For semicolons and colons, we have to be a bit more careful.
- Find:
:"
If we turn up something at the end of a quote, we need to move the colon outside the quote. But if the issue is at the start of a quote, we probably need to put a space in the colon and the quotation mark. So for colons and semicolons next to quotation marks, I usually just look for the issues with the Next button and fix anything that turns up manually.
Spacing and Capitalization after Periods
Now it gets more complicated. I want to look for cases where a sentence starts with a lowercase letter. In the Find dialogue, click the Match Case and Use Regular Expressions options. Then, in the Find box, enter this: \. [a-z]

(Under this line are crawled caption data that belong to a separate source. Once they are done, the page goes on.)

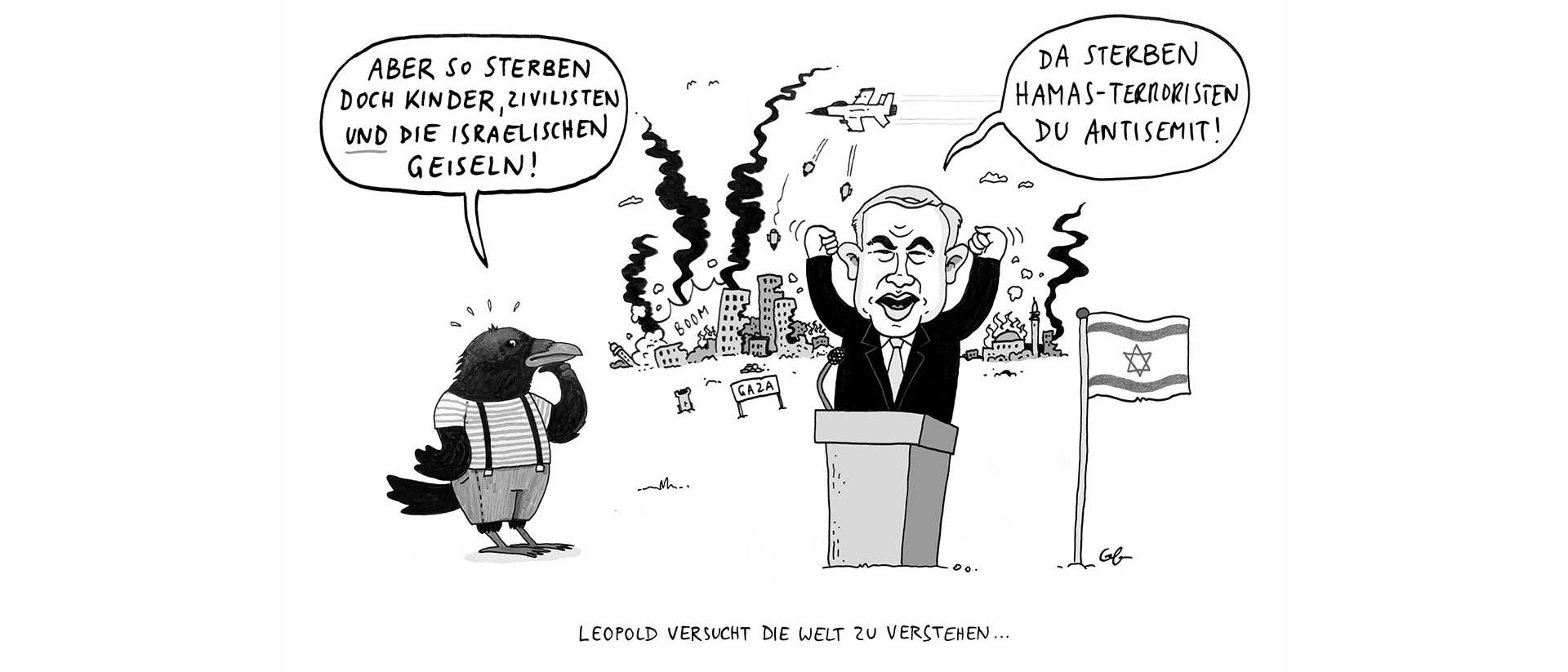 Cartoon über Netanyahu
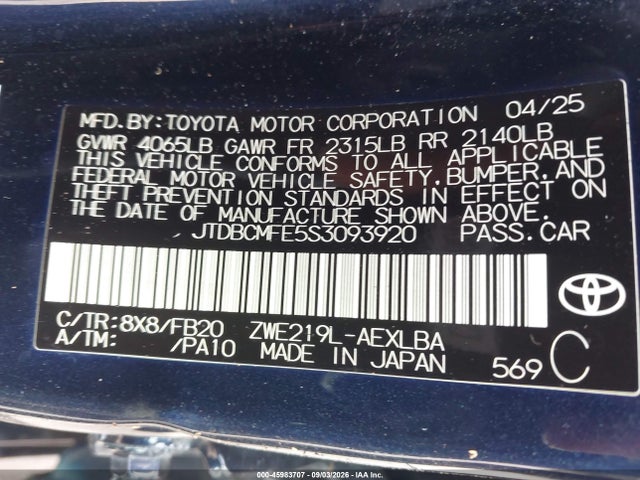 2025 Toyota Corolla Hybrid Le მანქანა იყიდება აუქციონზე, vin: JTDBCMFE5S3093920, აუქციონის ნომერი: 45983707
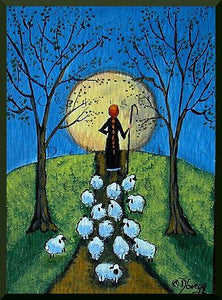 "Road Block," a Tiny Sheep Full Moon Shepherdess PRINT by Deborah Gregg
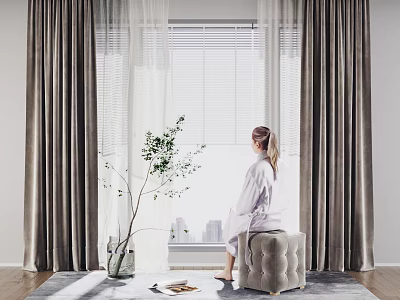 Elegant Velvet Curtains with Sheer Panels by Window and Cozy Pouf Setup 3d model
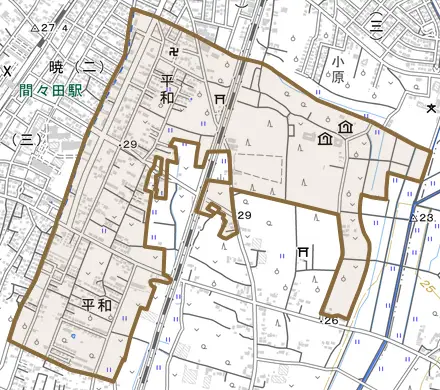 大字平和とその周辺の地図。町の範囲を重ねている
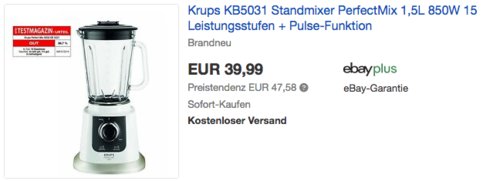 Krups KB5031 Standmixer, 850W, 1,5L - jetzt 27% billiger
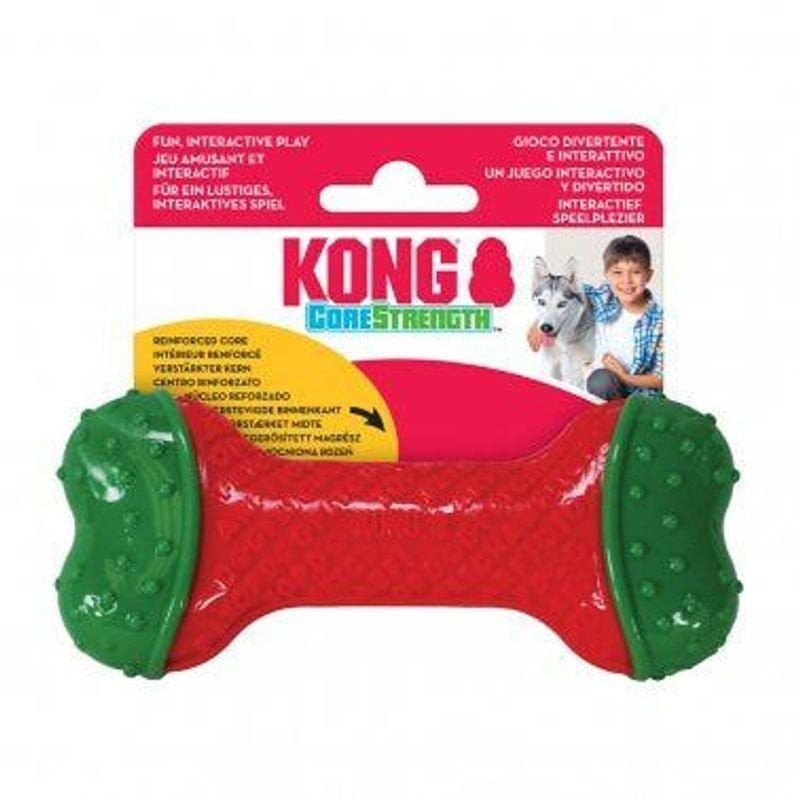 Gros plan du jouet à mâcher KONG Holiday CoreStrength montrant la surface texturée et le noyau multi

When regular expressions are turned on, the period is a wildcard that matches any character. So to look for a period, we escape the wildcard with the backslash. The brackets indicate a range of characters: any character in that range will match. So this expression finds a period followed by a space followed by any lowercase letter. And indeed, it found one instance where the first character of a sentence starts with a lowercase i. I’d manually fix this by capitalizing the word.
That search will give false positives if there are any URLs following a period.

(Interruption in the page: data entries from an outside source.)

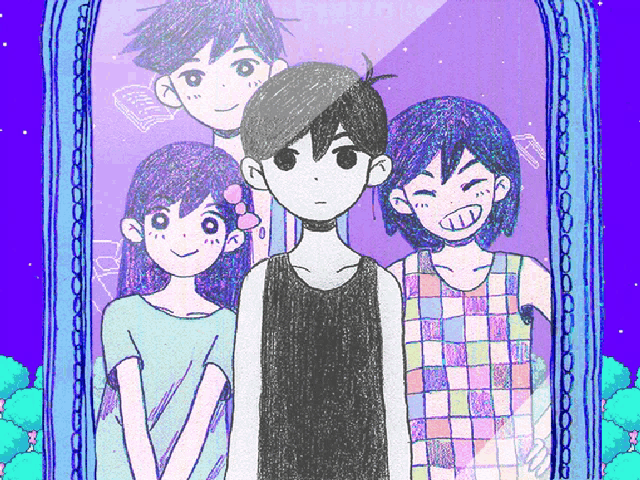a group of anime characters standing next to each other in front of a mirror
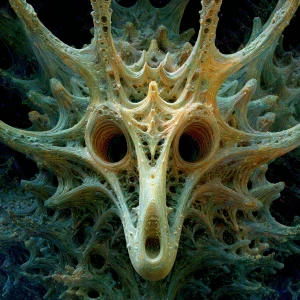 In the dreamy realm of a luminous grotesque AI construct, a surr...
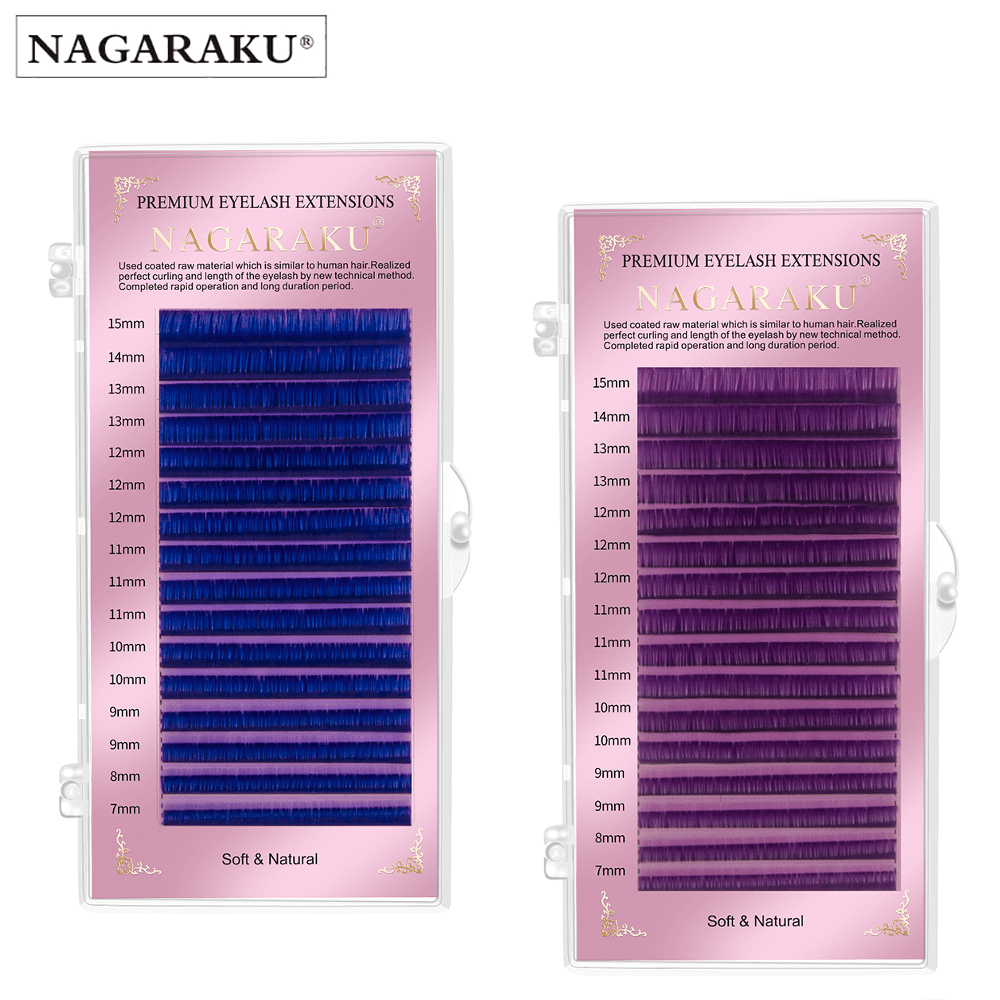 [SNK-017A] extensiones de/para pestañas Nagaraku 0.07D pelo por pelo clasicas color mix 7-15mm (violeta)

Next, we’ll look for sentences that don’t have a space between them.
Find: \.[a-zA-Z]
This finds any period immediately followed by a lowercase or uppercase letter. We have to be careful with this one, because if the document has URLs in it, they’ll legitimately match this search, and we don’t want to change those.
You can do the same command substituting a comma, exclamation point, colon, or semicolon for the period to find other versions of missing spaces at the end of a sentence or clause.
En Dashes That Should Be Hyphens or Em Dashes
The last one I’ll show involves en dashes. The right thing to do here varies based on the style guide being used. For example, in Chicago style, en dashes are usually used only in number ranges and some special cases of hyphenation. Most hyphenation uses a hyphen. And when used as a “strong comma,” we want an em dash instead of an en dash. In AP style, the en dash is never used, even for number ranges.
This query looks for cases where an en dash is surrounded by letters.
Find: [a-zA-Z]–[a-zA-Z]
That character between the two sets of letters is an en dash. Based on what turns up, I either change the en dash to a hyphen or an em dash, or, rarely, I’ll leave it alone.
Wrapping Up
I run through these cleanup steps on all Google Docs manuscripts I work on. It takes a little bit of time, but it’s worth it. These issues can be easily missed when reading through a document, and it’s better to not risk them slipping through. You can run these checks before or after your main editing pass, but I have found that it’s better to run at least the double space one before hand, as markup can hide double spaces by separating them with deleted text. It’s also a good idea to run the double spaces and double punctuation searches again after all changes have been accepted or rejected, because Google Docs makes it very easy to insert double periods or spaces in suggest mode.
The searches here are simple, and we can get a lot more precise looking for issues with the regular expression searches. I’ll go into more detail on regular expression searches in another post.
Do you have any cleanup tips for Google Docs manuscripts? I’d love to hear them.